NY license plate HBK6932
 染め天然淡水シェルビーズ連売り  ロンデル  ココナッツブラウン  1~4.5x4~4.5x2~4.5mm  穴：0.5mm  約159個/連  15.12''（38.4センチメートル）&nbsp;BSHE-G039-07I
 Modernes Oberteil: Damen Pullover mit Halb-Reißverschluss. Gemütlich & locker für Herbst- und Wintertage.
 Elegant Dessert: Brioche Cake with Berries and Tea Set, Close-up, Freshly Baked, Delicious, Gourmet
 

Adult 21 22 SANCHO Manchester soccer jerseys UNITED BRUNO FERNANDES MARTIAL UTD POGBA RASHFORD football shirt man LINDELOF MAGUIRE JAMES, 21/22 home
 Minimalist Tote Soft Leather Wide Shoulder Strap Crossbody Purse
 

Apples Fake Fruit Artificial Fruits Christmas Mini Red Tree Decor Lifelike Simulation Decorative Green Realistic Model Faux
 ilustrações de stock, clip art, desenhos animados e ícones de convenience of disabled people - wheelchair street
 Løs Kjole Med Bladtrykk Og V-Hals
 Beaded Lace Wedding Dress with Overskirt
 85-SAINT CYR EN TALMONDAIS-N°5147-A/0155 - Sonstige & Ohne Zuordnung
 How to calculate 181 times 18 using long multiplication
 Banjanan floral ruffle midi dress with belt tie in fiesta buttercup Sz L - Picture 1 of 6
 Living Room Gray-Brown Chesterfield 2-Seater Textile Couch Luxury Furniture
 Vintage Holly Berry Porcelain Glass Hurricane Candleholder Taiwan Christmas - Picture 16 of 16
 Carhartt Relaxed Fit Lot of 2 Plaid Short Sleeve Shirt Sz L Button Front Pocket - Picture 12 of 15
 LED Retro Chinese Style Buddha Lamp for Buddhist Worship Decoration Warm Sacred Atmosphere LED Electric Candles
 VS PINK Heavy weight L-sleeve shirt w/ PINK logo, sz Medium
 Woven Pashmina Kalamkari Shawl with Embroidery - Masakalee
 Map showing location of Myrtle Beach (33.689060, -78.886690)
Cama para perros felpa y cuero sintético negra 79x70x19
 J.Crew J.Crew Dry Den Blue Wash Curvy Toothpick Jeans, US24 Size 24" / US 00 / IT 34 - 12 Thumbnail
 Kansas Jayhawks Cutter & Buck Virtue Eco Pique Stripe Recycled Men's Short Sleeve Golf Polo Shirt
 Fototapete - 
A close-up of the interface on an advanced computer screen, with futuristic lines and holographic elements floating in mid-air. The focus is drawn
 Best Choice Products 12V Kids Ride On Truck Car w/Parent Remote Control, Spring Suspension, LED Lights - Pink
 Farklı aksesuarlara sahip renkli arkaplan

- Exercise directions: Your answer must be the lines from the first line of the entries above through the line that contains "Adult 21 22", written out exactly.

- Answer to this exercise:
NY license plate HBK6932
 染め天然淡水シェルビーズ連売り  ロンデル  ココナッツブラウン  1~4.5x4~4.5x2~4.5mm  穴：0.5mm  約159個/連  15.12''（38.4センチメートル）&nbsp;BSHE-G039-07I
 Modernes Oberteil: Damen Pullover mit Halb-Reißverschluss. Gemütlich & locker für Herbst- und Wintertage.
 Elegant Dessert: Brioche Cake with Berries and Tea Set, Close-up, Freshly Baked, Delicious, Gourmet
 

Adult 21 22 SANCHO Manchester soccer jerseys UNITED BRUNO FERNANDES MARTIAL UTD POGBA RASHFORD football shirt man LINDELOF MAGUIRE JAMES, 21/22 home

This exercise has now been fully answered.